A sole ventiquattr’ore dall’annuncio della lineup ufficiale, la serie di concerti organizzata da Freedom 250 per celebrare il 250° anniversario degli Stati Uniti è precipitata in una crisi inattesa. La maggior parte degli artisti inizialmente confermati ha infatti deciso di ritirarsi, denunciando una crescente politicizzazione dell’evento, sostenuto dal presidente Donald Trump e presentato come una grande celebrazione patriottica.
La Great American State Fair, prevista sul National Mall di Washington come “la più grande fiera statale del Paese”, avrebbe dovuto ospitare due settimane di musica, spettacoli e celebrazioni. Ma in poche ore la lineup si è svuotata: Morris Day, Young MC, Milli Vanilli, The Commodores, Martina McBride e Bret Michaels hanno annunciato il loro ritiro, lasciando in programma solo pochi nomi, tra cui Vanilla Ice e Flo Rida.
Le prime defezioni sono arrivate giovedì, quando Young MC — vincitore di un Grammy e noto per Bust a Move — ha dichiarato di non voler partecipare a un evento “così carico di implicazioni politiche”. Ha affermato che gli artisti non erano stati informati del coinvolgimento politico e che spera di esibirsi a Washington “in un contesto diverso”.
Martina McBride ha definito l’invito “ingannevole”, spiegando che l’evento era stato presentato come una celebrazione apartitica dei 50 stati.

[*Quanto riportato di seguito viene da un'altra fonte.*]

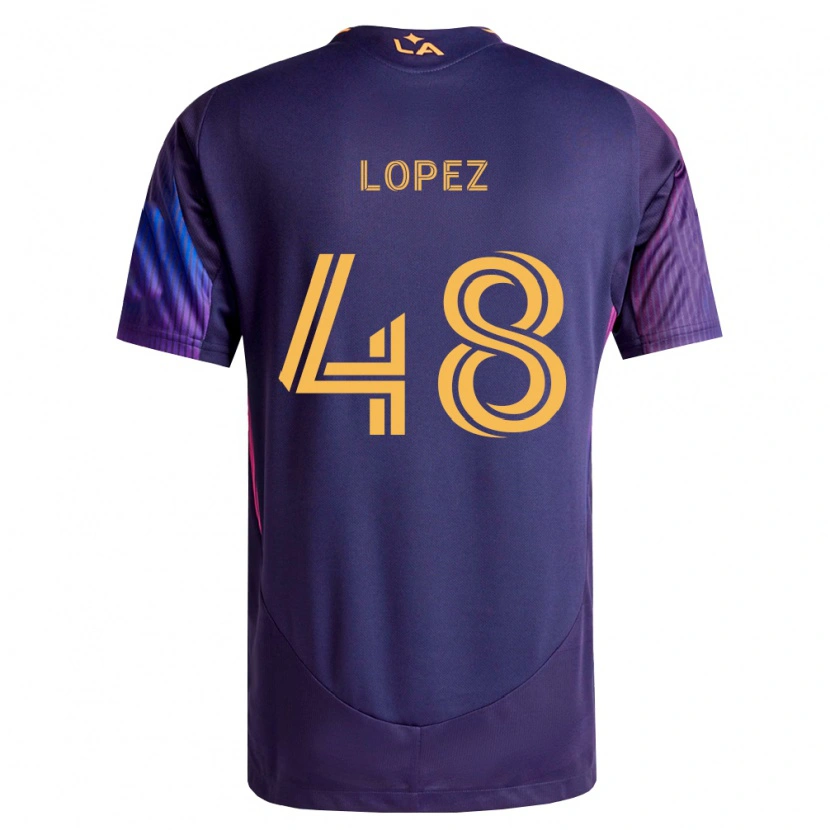 Danxen Mann Diego López #48 Dyp Lilla Gul Bortetrøye Drakt Trøye 2026/27 Skjorter T-Skjorte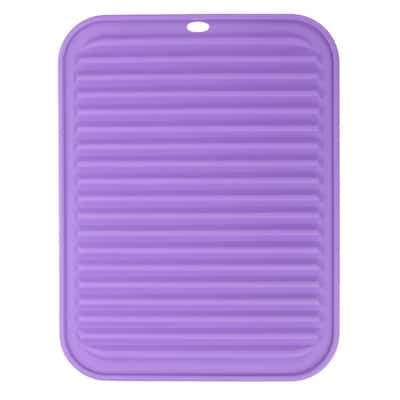 Silicone Dish Drying Mat, 9"x12" Trivets for Hot Pots and Pans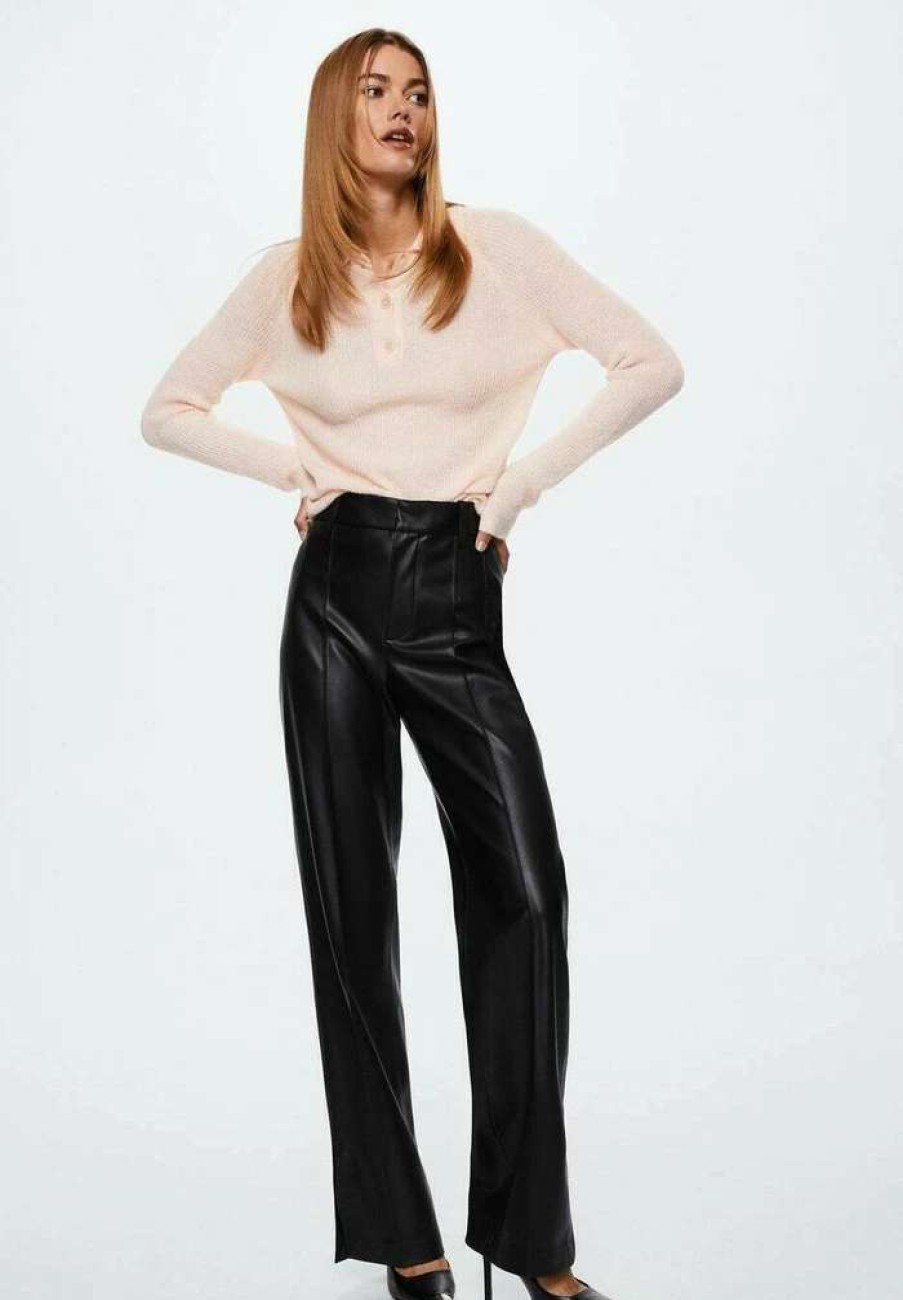 Clothing * | Mango Maki Trousers Black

I Commodores hanno ribadito che la loro musica “non si affilia a nessun partito”. Il tracollo è proseguito con il ritiro di Bret Michaels, che ha sottolineato come i suoi concerti siano sempre stati pensati per unire, non per dividere.
Tra i pochi artisti rimasti c’è John Ondrasik dei Five for Fighting, che ha definito un onore esibirsi per #USA250 e celebrare “la più grande forza positiva del mondo”.
Nel frattempo, a un mese dalle elezioni di metà mandato, Bruce Springsteen ha annunciato un festival alternativo: Power to the People, una giornata di musica e attivismo con Foo Fighters, Dave Matthews Band, Joan Baez, Brittany Howard e altri.